### Goal of the exercise
Could you please output all of the data exactly, without the images?

### Data shown

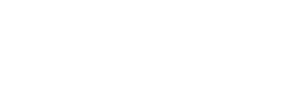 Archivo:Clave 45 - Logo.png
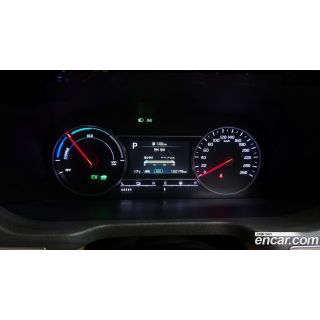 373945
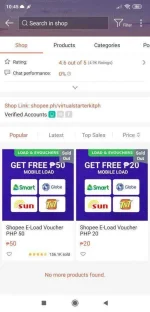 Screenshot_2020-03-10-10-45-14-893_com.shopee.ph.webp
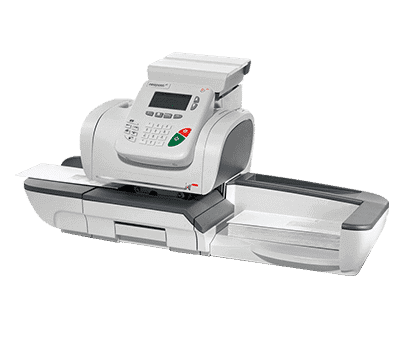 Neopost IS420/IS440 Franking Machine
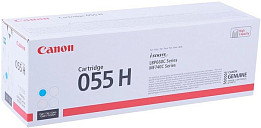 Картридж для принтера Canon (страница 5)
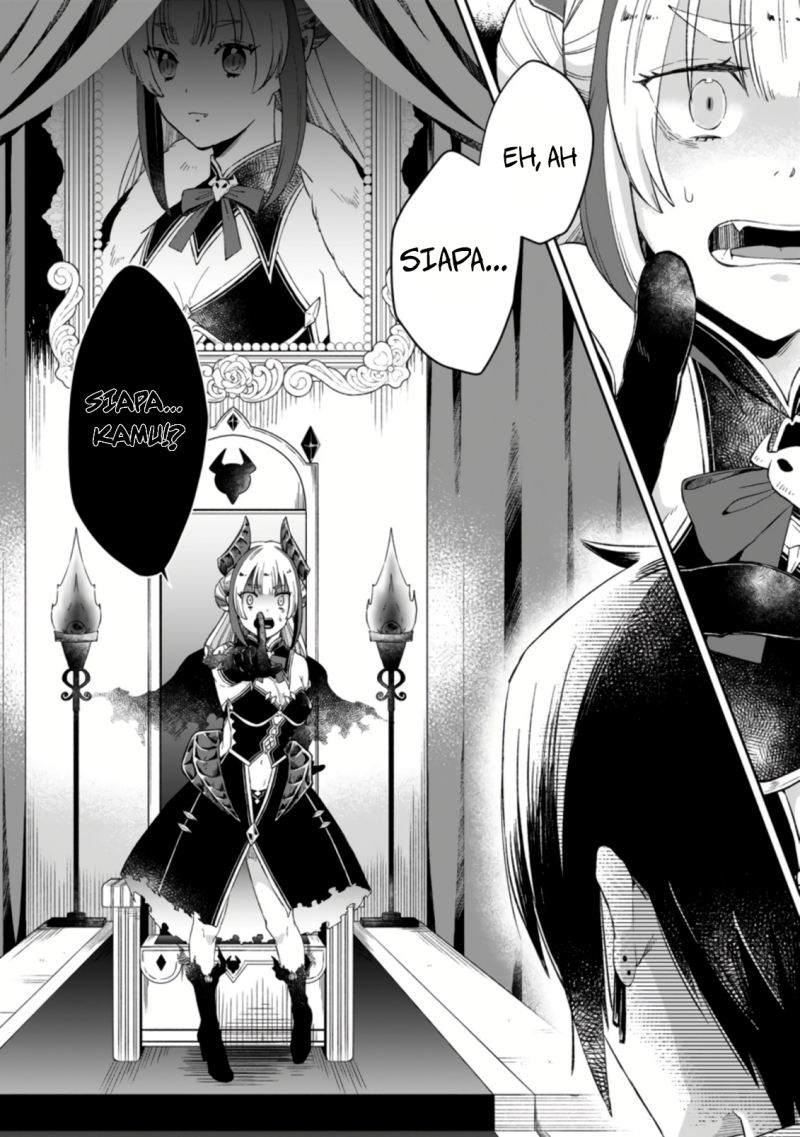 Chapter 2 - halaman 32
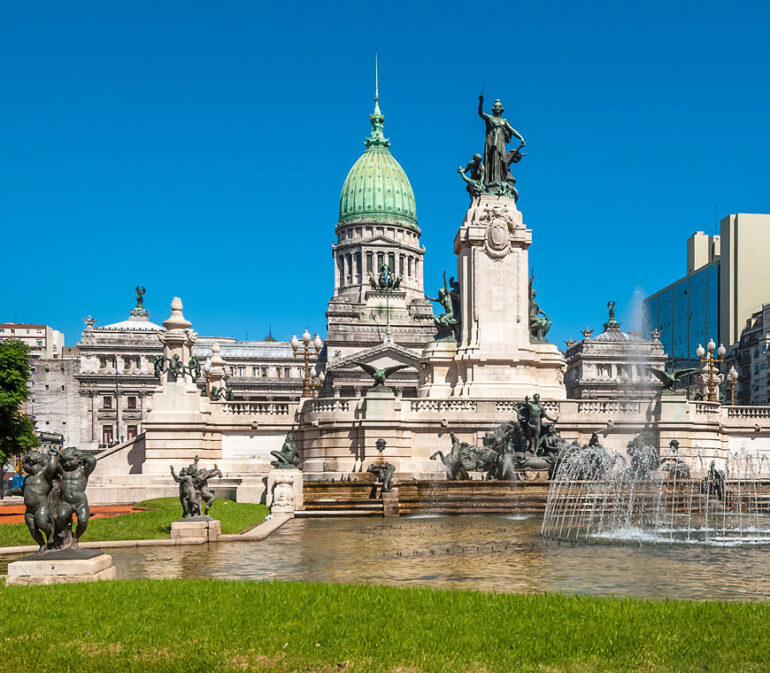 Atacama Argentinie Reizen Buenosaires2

### Output for this exercise
 Archivo:Clave 45 - Logo.png
 373945
 Screenshot_2020-03-10-10-45-14-893_com.shopee.ph.webp
 Neopost IS420/IS440 Franking Machine
 Картридж для принтера Canon (страница 5)
 Chapter 2 - halaman 32
 Atacama Argentinie Reizen Buenosaires2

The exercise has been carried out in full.